- **Aim of the task**
Exact reproduction of the listing is required. Pictures are not reproduced.

- **Dataset content**

* * * *

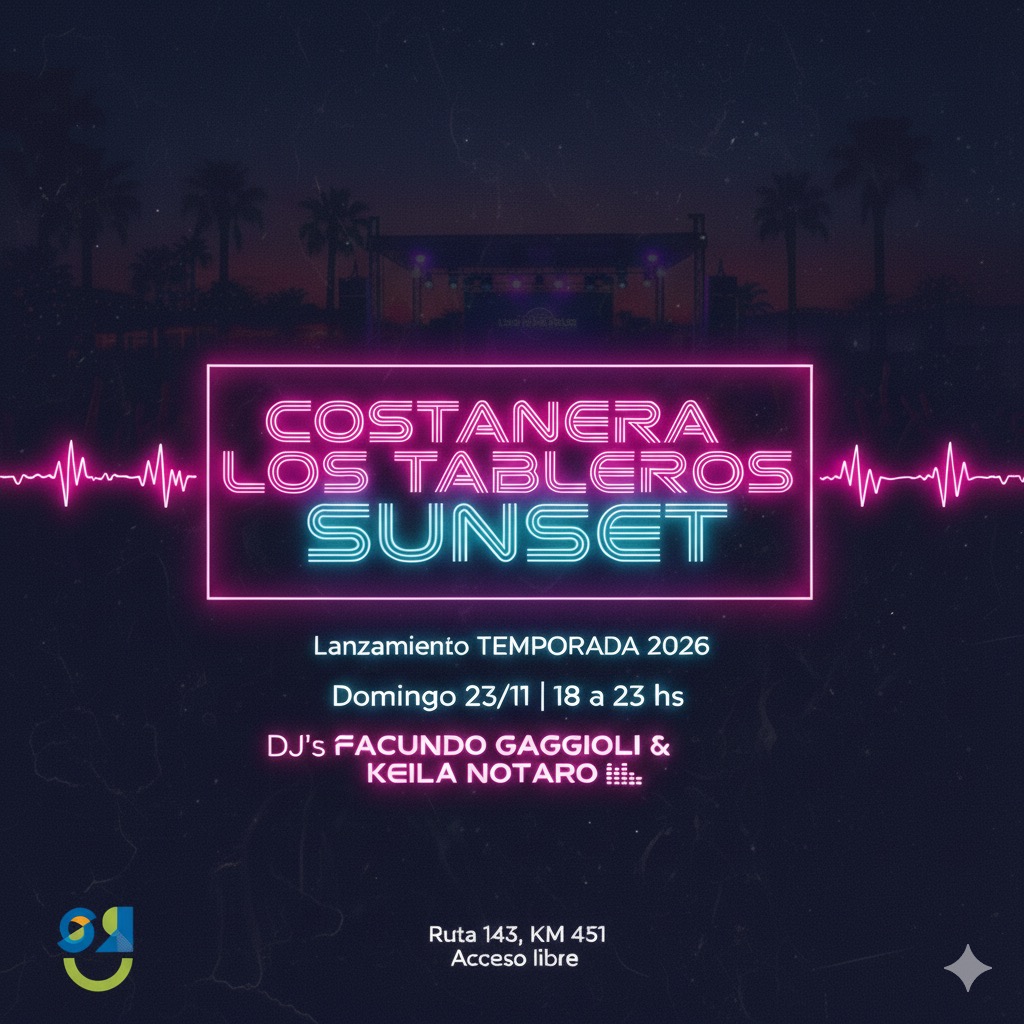 LA COSTANERA DE LOS TABLEROS ABRE SU TEMPORADA CON UN GRAN SUNSET SOBRE EL ATUEL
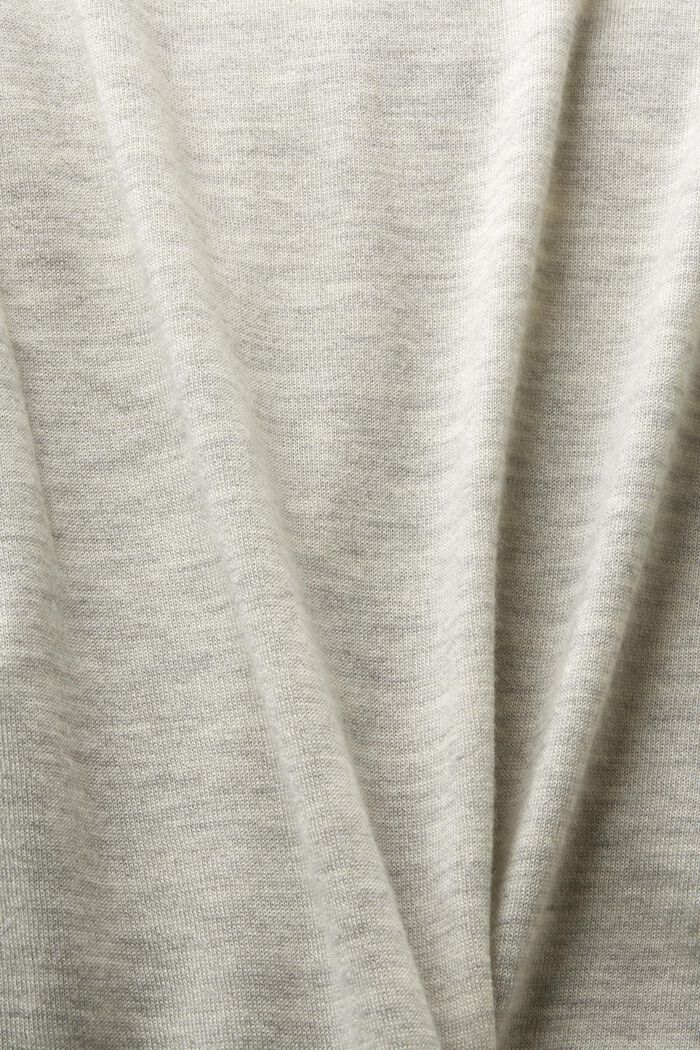 Pullover in cachemire con scollo a V, LIGHT GREY, detail image number 5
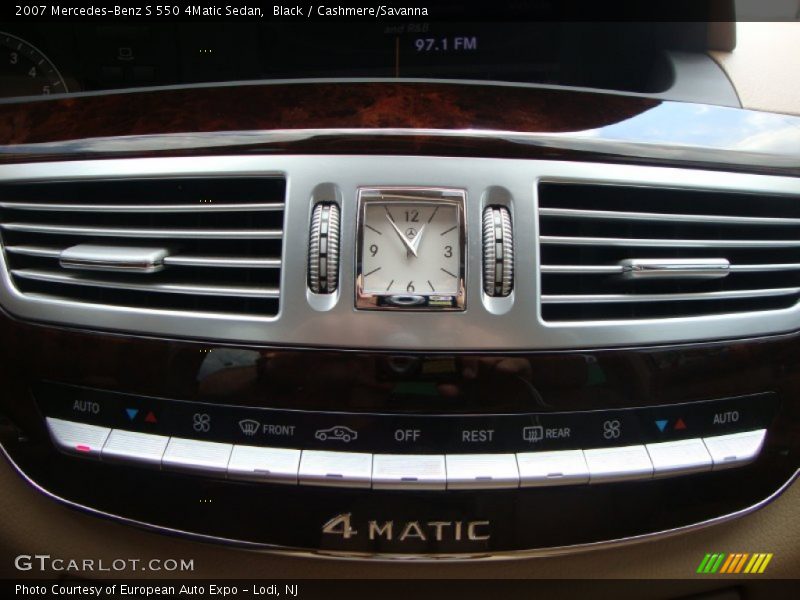 Black / Cashmere/Savanna 2007 Mercedes-Benz S 550 4Matic Sedan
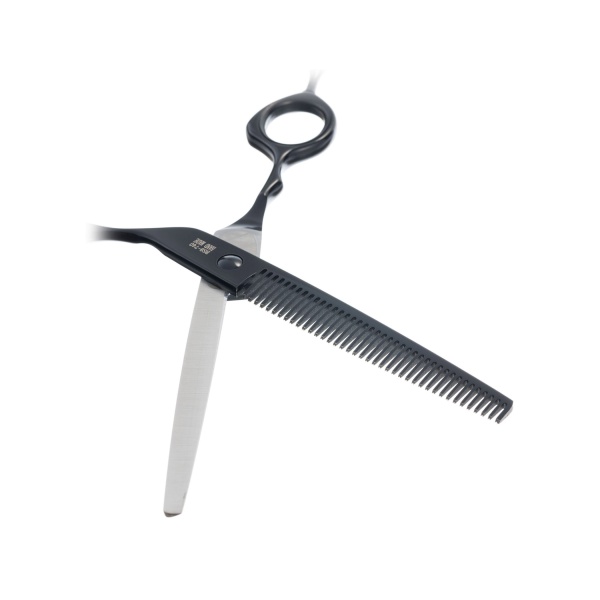 Dewal Pro Парикмахерские ножницы филировочные Color Step, 40 зубцов, 7″, чёрные купить - 0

* * * *

- **Answer box**
 LA COSTANERA DE LOS TABLEROS ABRE SU TEMPORADA CON UN GRAN SUNSET SOBRE EL ATUEL
 Pullover in cachemire con scollo a V, LIGHT GREY, detail image number 5
 Black / Cashmere/Savanna 2007 Mercedes-Benz S 550 4Matic Sedan
 Dewal Pro Парикмахерские ножницы филировочные Color Step, 40 зубцов, 7″, чёрные купить - 0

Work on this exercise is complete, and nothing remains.